» **PROBLEM DESCRIPTION**:
In the data below, set down exactly the lines from the one containing "How can I be" up to and including the one containing "SAC Presentation Video". Leave the pictures out.

[GIVEN INFORMATION — start]

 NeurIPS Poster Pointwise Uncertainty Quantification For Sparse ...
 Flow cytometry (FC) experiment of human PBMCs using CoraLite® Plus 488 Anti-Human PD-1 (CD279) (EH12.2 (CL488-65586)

[GIVEN INFORMATION — finish]
[GIVEN INFORMATION — start]

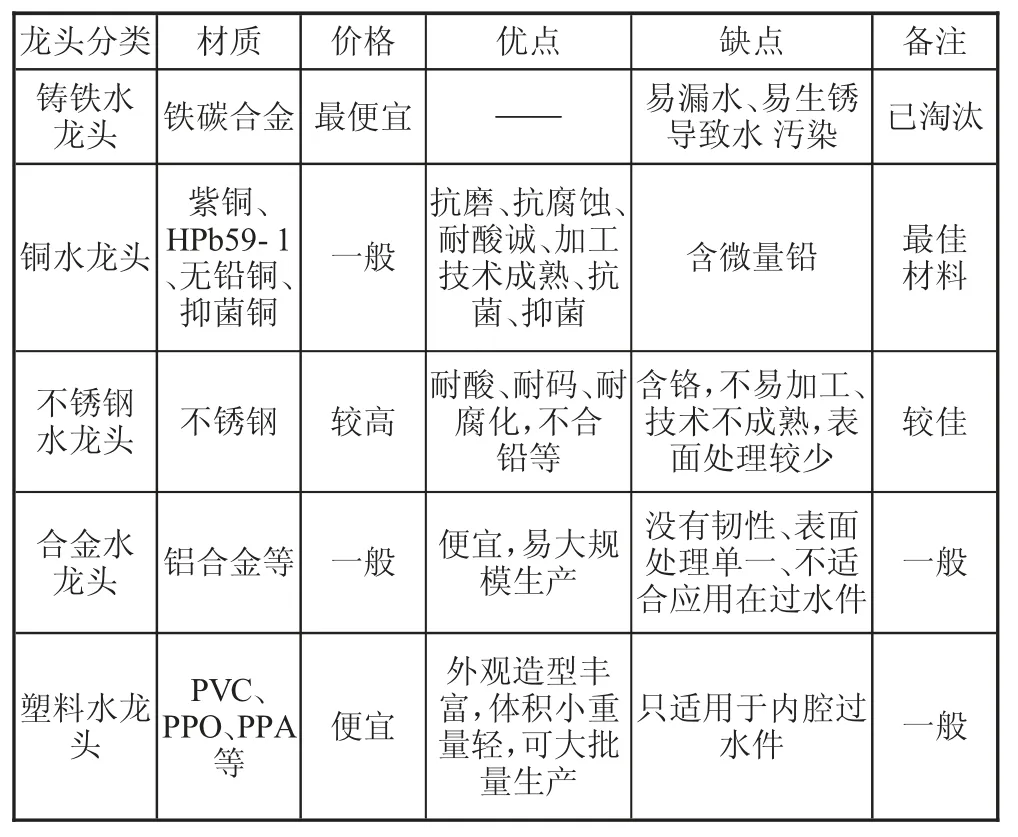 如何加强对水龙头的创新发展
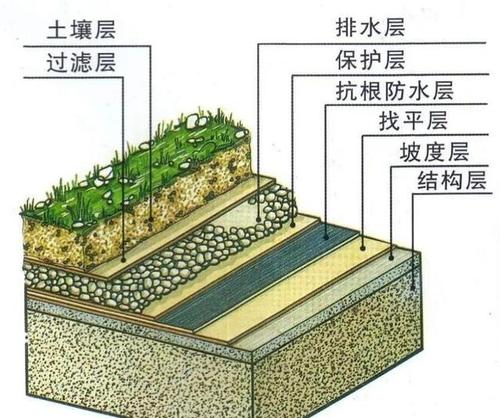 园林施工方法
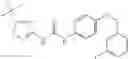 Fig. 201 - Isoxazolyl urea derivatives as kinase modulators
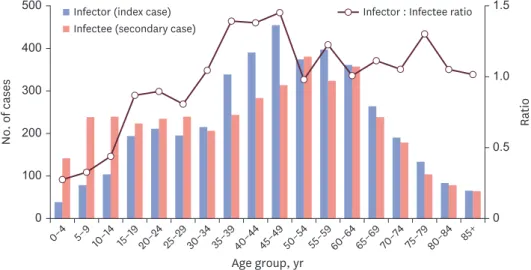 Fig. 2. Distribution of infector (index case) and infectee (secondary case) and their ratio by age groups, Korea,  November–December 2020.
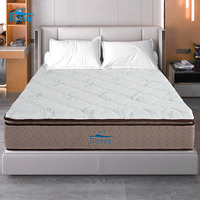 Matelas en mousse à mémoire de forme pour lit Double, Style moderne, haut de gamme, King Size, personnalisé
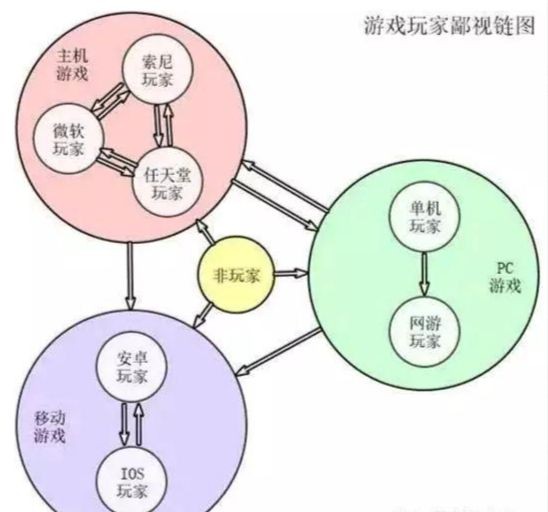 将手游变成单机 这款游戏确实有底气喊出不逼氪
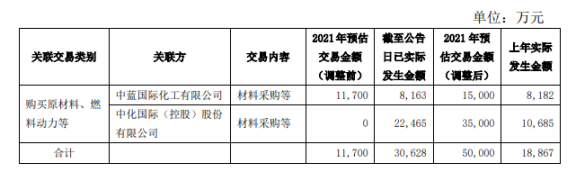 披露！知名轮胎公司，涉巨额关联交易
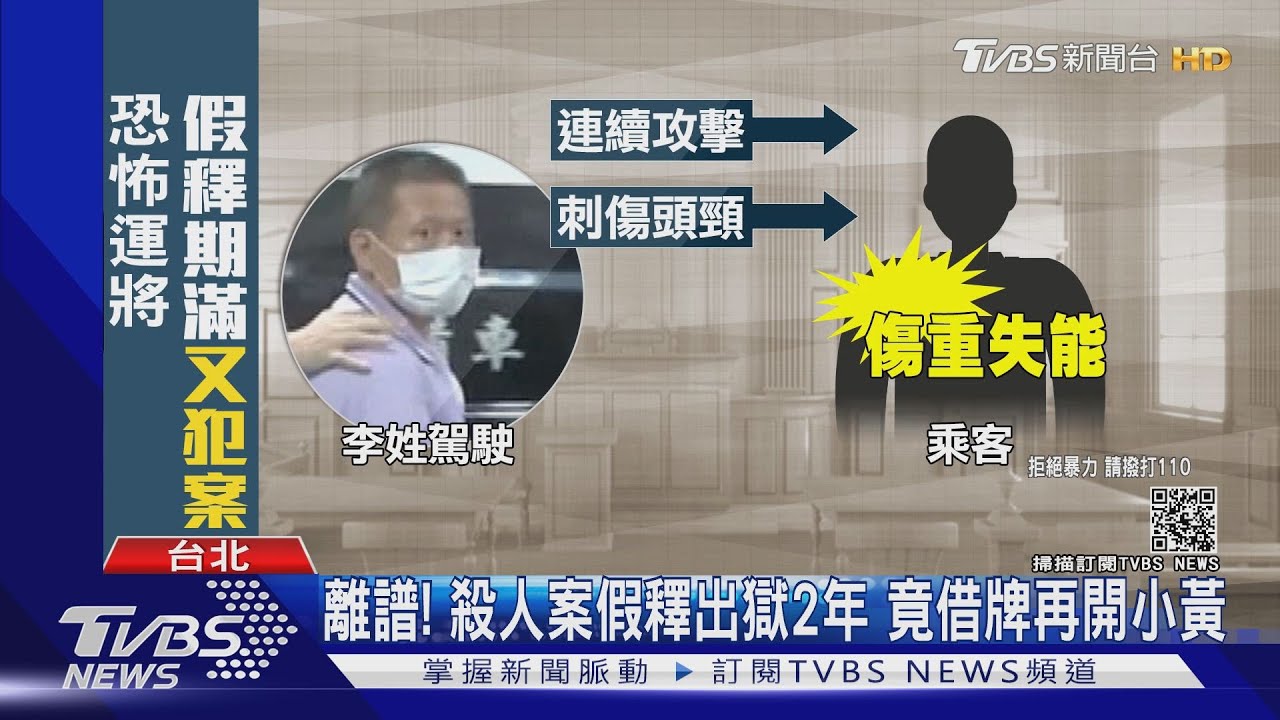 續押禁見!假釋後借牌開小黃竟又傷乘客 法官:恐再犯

[GIVEN INFORMATION — finish]
[GIVEN INFORMATION — start]

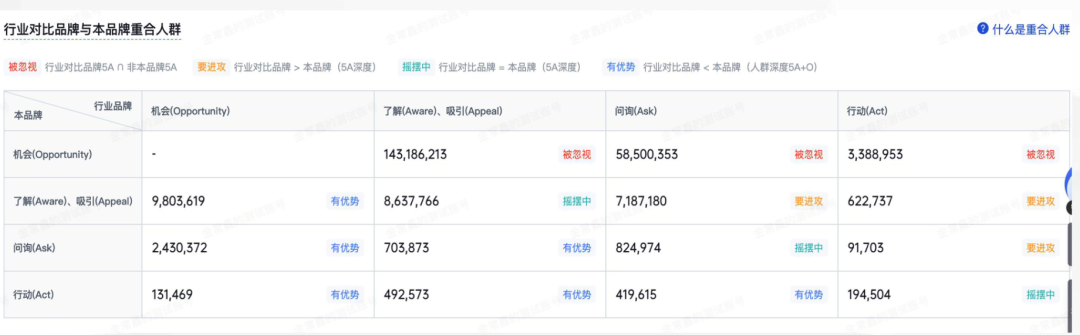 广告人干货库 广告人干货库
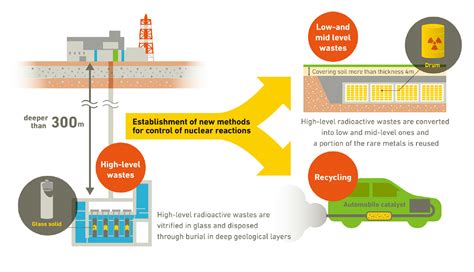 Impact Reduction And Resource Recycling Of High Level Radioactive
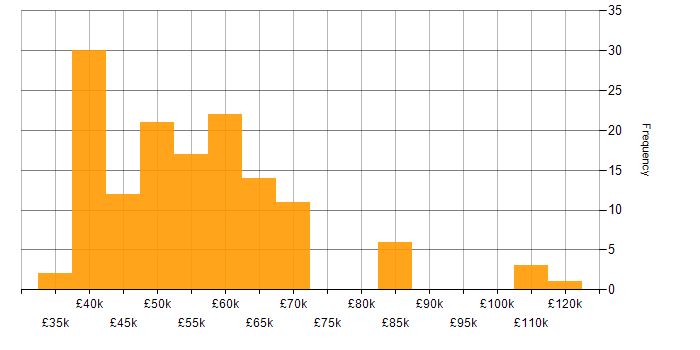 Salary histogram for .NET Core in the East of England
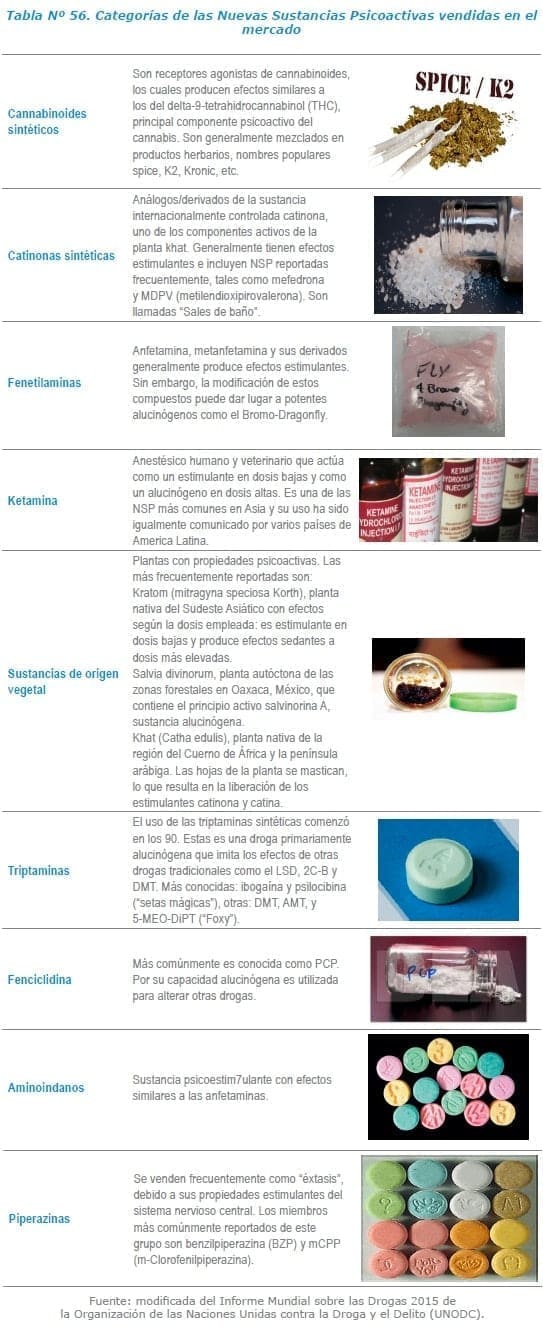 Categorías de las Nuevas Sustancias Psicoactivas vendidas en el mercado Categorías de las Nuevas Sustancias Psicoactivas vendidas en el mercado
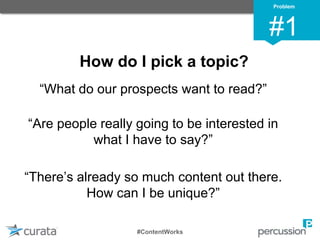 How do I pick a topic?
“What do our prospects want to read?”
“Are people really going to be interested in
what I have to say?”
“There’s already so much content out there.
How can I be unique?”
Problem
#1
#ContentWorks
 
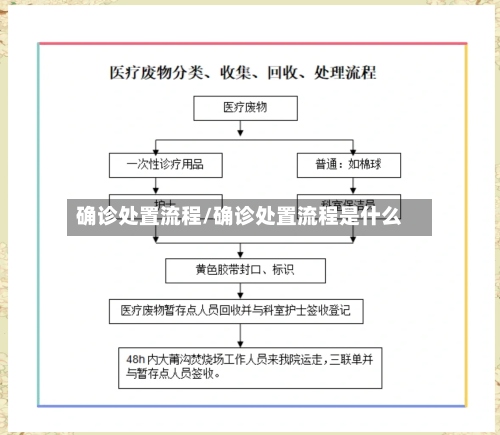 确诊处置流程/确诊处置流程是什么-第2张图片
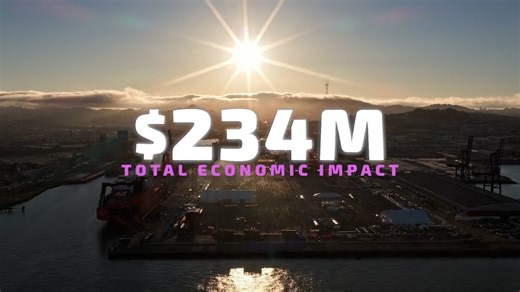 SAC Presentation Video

[GIVEN INFORMATION — finish]

» **ANSWER SPACE**:
How can I be unique?”
Problem
#1
#ContentWorks
 
 确诊处置流程/确诊处置流程是什么-第2张图片
 SAC Presentation Video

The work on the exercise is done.